Samiran Sengupta, Founder and CEO, JustMyRoots observes, “As India’s first Perishable, Interstate, Food Supply Chain, we enabled an e-commerce platform which delivers pure nostalgia in the form of food across India and mangoes too are a part of it. All mangoes are directly sourced from the orchards, packaged and shipped with special packaging. So, the mangoes will reach you fresh in no time at all. Our staff have a strong sense of hygiene and cleanliness. During the pandemic, the team had to be extra cautious, remembering all the “MUST DOs,” such as making use of sanitized packaging, masks, gloves, and a range of other products.”
Going forward, will the hybrid working model redefine the way pros make meals connected alternatives?
Commenting on the future of meals alternatives specifically in IT centric Bengaluru, Kallol Deb views the ongoing pandemic as paving the way for a radical shift in how quite a few multinational firms are adopting a hybrid work-from-home model, thereby enabling smaller sized firms to do the identical.
In his view, “Since these days, most professionals are hard pressed for time to prepare regular meals, they are forced to order online now, more often than not.
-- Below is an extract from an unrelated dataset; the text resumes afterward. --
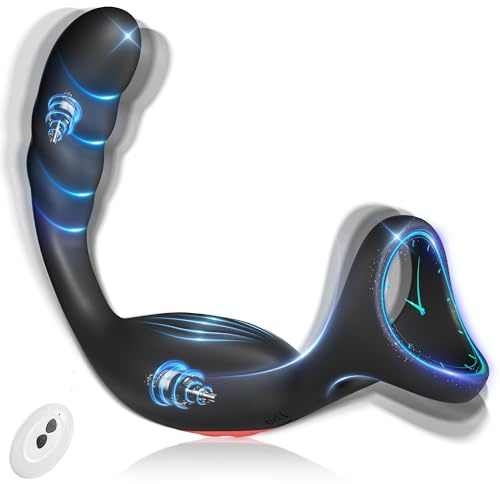 Analvibratoren für Mann Anal Plug mit Penisring Sex Toys Prostata Stimulation Intensiver 9 Stößes Vibrationen Sexspielzeug für die Männer Anal Vibrator Dildo Vibratorensets für Männer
They, however, are very particular about the quality of food and the hygiene being maintained at the outlet. Hence they prefer to order from places they are familiar with so as to minimize botched orders as much as possible.”
For pros who want to keep focused on work and invest as tiny time as achievable in the kitchen, it does not get substantially simpler than it is now. With cloud kitchens supplying economical possibilities, the after-highly-priced dining out meals bill can be simpler on the pocket than ever just before.